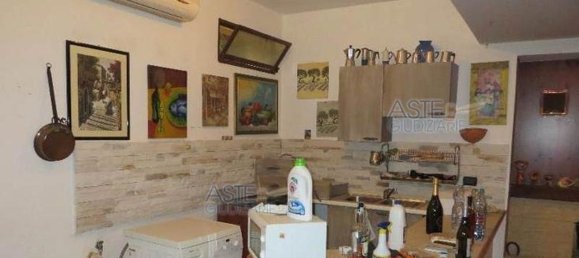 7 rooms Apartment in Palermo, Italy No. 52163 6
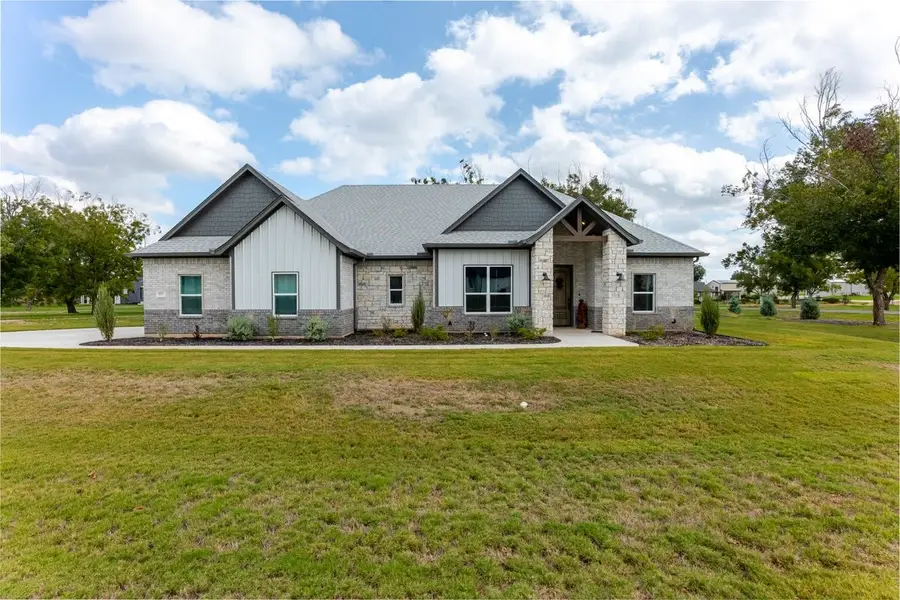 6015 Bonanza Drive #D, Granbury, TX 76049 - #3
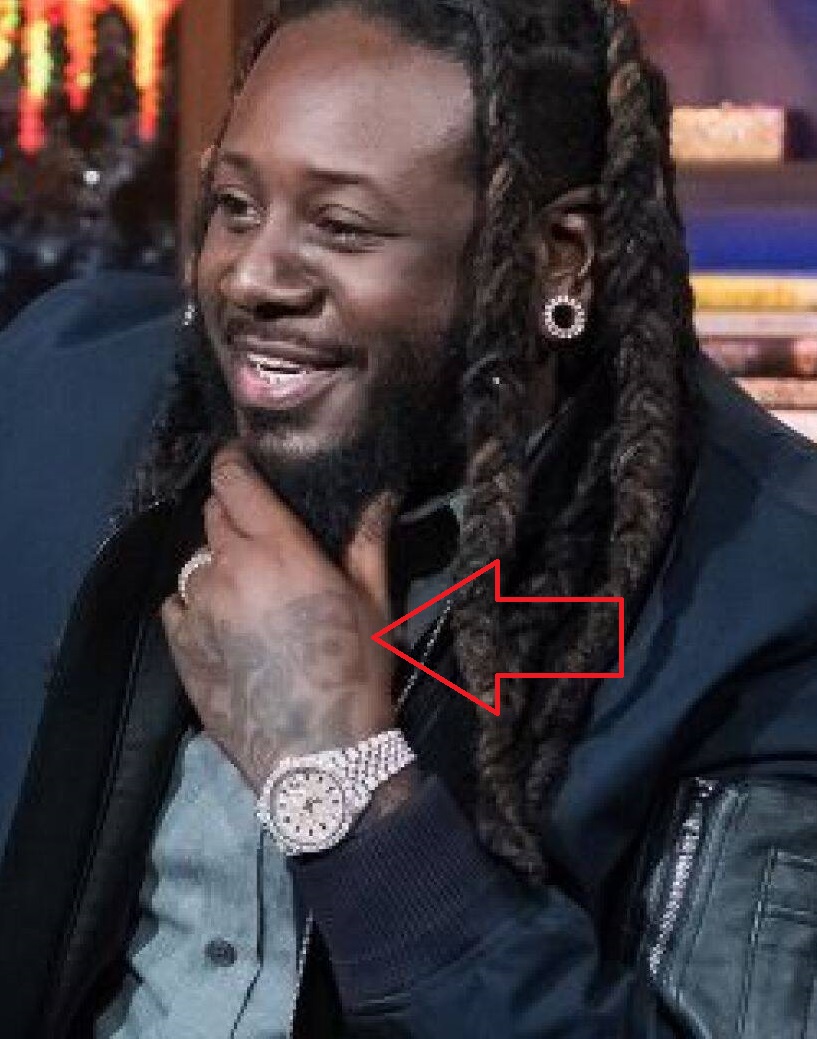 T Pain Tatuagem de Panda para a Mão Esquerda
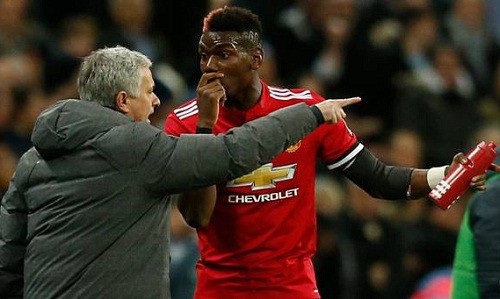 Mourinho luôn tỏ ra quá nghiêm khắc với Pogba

- Task directions
Exact repetition of each line above is expected; images are to be omitted.

- Reply
 7 rooms Apartment in Palermo, Italy No. 52163 6
 6015 Bonanza Drive #D, Granbury, TX 76049 - #3
 T Pain Tatuagem de Panda para a Mão Esquerda
 Mourinho luôn tỏ ra quá nghiêm khắc với Pogba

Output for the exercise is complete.